Start of Source records
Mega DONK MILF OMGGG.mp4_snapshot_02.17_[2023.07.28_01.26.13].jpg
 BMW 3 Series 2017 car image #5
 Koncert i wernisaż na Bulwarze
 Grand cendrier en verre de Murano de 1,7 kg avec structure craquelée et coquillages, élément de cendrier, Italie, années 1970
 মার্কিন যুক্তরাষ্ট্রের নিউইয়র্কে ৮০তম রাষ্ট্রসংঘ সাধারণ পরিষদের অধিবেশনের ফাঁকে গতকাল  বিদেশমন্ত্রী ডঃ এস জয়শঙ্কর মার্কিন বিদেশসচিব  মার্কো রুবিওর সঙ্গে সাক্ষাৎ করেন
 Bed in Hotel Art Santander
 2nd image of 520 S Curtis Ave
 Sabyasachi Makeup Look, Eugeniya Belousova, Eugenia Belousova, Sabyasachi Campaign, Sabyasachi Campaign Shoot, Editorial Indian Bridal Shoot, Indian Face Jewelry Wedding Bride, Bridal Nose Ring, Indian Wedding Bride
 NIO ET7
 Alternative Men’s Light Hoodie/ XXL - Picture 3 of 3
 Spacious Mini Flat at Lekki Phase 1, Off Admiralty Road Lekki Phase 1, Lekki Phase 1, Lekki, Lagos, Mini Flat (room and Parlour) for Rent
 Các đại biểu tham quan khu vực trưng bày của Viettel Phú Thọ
End of Source records
* **Your goal**: Each line above is to be set down again verbatim.

* **Solution to this task**:
Mega DONK MILF OMGGG.mp4_snapshot_02.17_[2023.07.28_01.26.13].jpg
 BMW 3 Series 2017 car image #5
 Koncert i wernisaż na Bulwarze
 Grand cendrier en verre de Murano de 1,7 kg avec structure craquelée et coquillages, élément de cendrier, Italie, années 1970
 মার্কিন যুক্তরাষ্ট্রের নিউইয়র্কে ৮০তম রাষ্ট্রসংঘ সাধারণ পরিষদের অধিবেশনের ফাঁকে গতকাল  বিদেশমন্ত্রী ডঃ এস জয়শঙ্কর মার্কিন বিদেশসচিব  মার্কো রুবিওর সঙ্গে সাক্ষাৎ করেন
 Bed in Hotel Art Santander
 2nd image of 520 S Curtis Ave
 Sabyasachi Makeup Look, Eugeniya Belousova, Eugenia Belousova, Sabyasachi Campaign, Sabyasachi Campaign Shoot, Editorial Indian Bridal Shoot, Indian Face Jewelry Wedding Bride, Bridal Nose Ring, Indian Wedding Bride
 NIO ET7
 Alternative Men’s Light Hoodie/ XXL - Picture 3 of 3
 Spacious Mini Flat at Lekki Phase 1, Off Admiralty Road Lekki Phase 1, Lekki Phase 1, Lekki, Lagos, Mini Flat (room and Parlour) for Rent
 Các đại biểu tham quan khu vực trưng bày của Viettel Phú Thọ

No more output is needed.